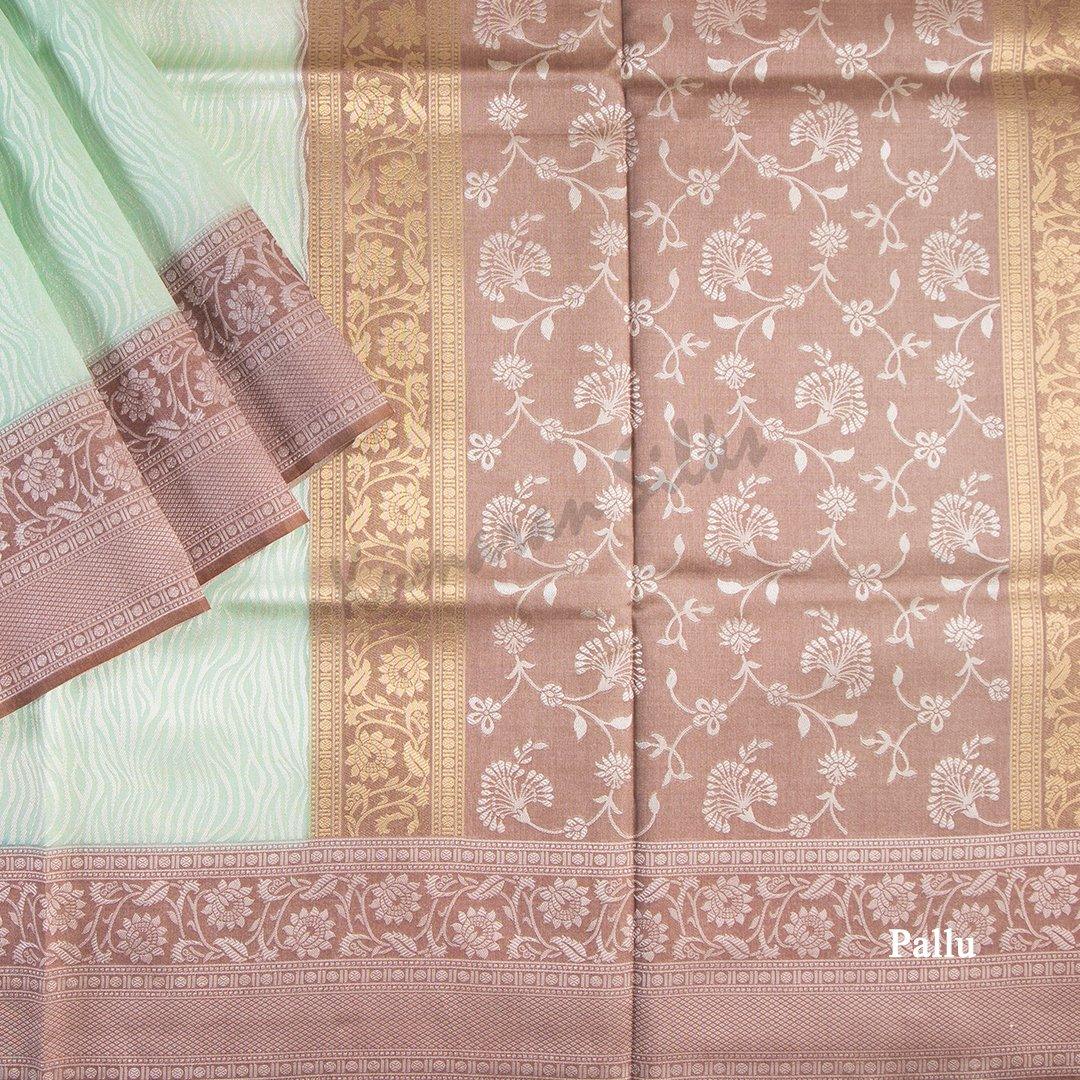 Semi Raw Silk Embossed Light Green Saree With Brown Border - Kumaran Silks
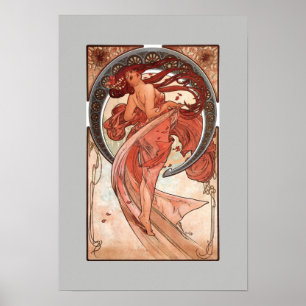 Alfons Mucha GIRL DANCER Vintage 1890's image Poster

----

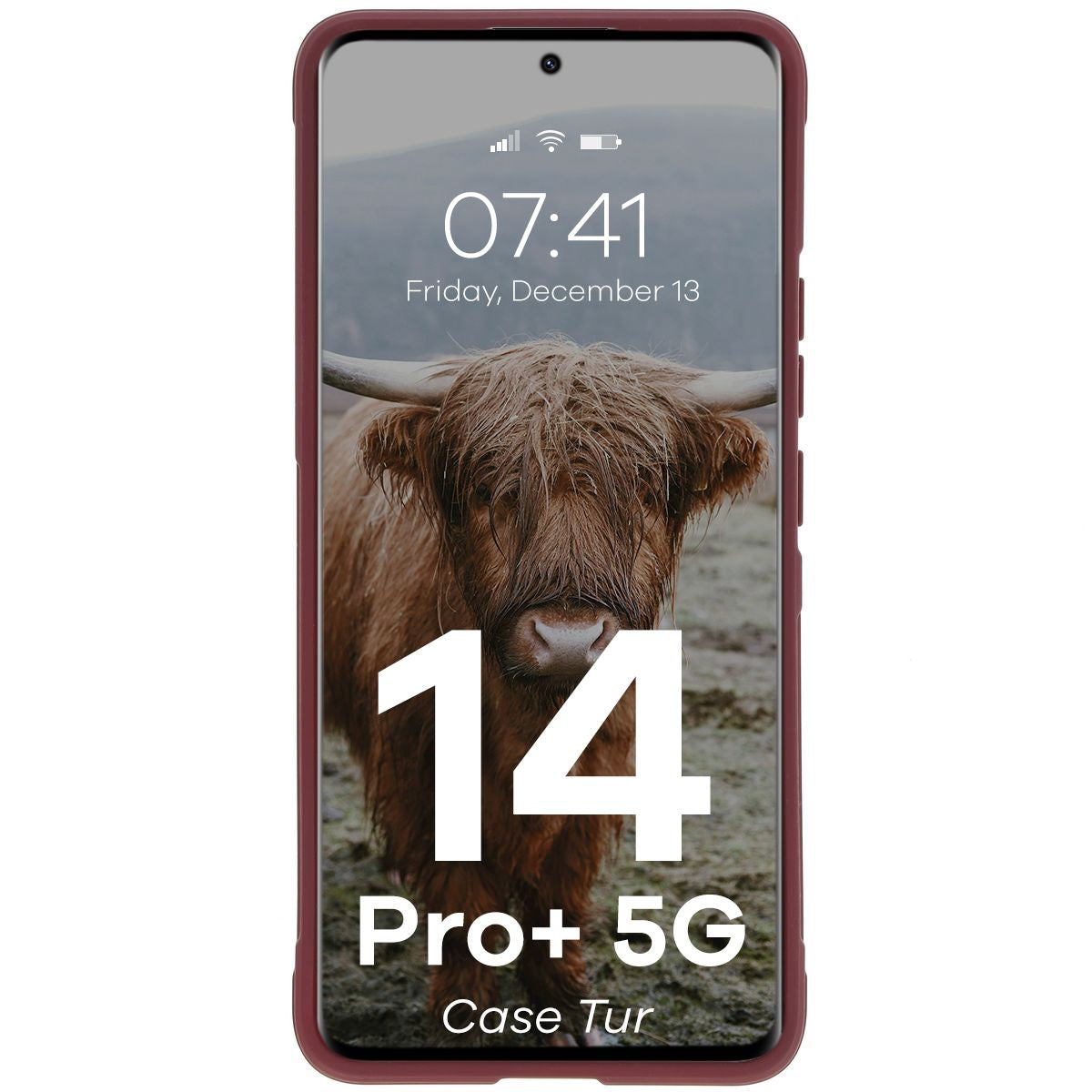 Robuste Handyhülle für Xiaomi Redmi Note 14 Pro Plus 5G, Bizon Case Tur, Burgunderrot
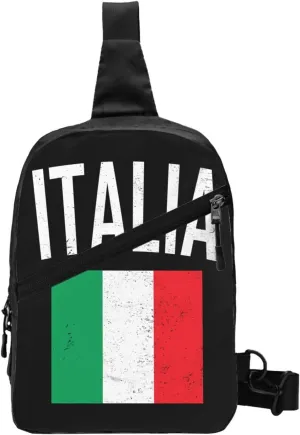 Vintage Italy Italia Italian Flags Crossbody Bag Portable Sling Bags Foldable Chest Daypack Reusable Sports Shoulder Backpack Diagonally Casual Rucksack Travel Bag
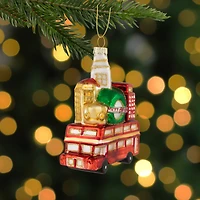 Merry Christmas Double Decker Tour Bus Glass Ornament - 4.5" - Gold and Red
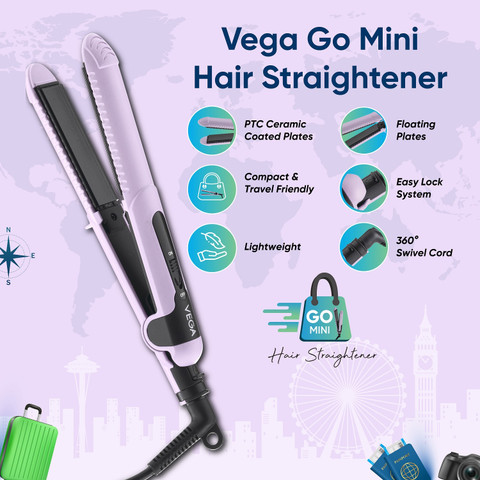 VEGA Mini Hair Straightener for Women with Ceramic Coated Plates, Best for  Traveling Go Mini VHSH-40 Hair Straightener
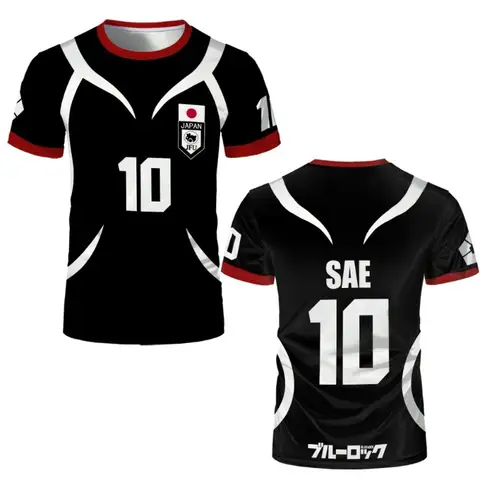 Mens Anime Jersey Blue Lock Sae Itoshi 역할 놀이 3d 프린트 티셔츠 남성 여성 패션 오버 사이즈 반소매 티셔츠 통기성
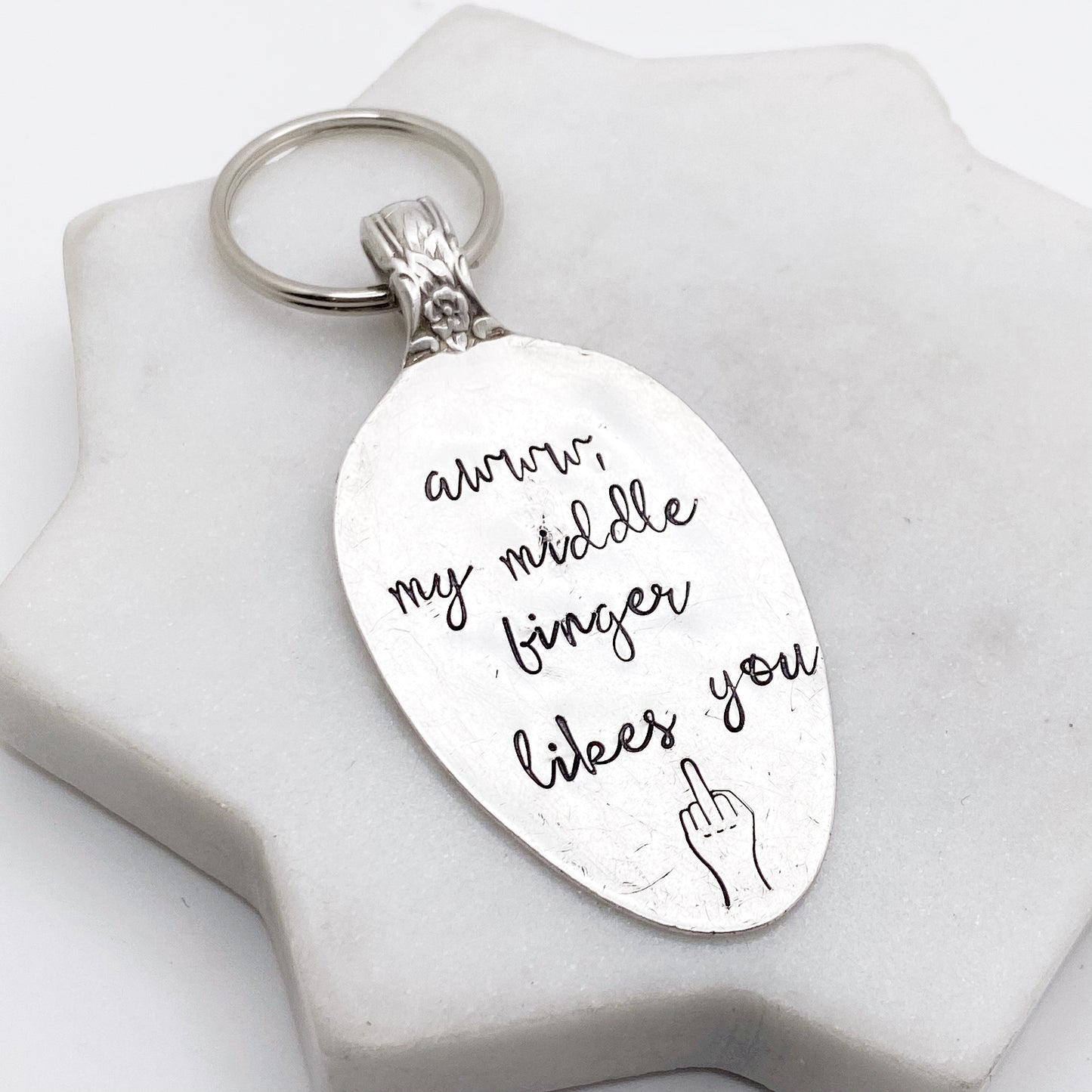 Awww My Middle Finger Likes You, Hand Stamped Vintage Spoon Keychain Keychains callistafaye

----

REQUIRED WORK
Quote the data above exactly from the line with "Semi Raw Silk" to the line with "Alfons Mucha GIRL", both ends counted, and nothing else. Pictures don't go in.

OUTPUT OF THE EXERCISE
 Semi Raw Silk Embossed Light Green Saree With Brown Border - Kumaran Silks
 Alfons Mucha GIRL DANCER Vintage 1890's image Poster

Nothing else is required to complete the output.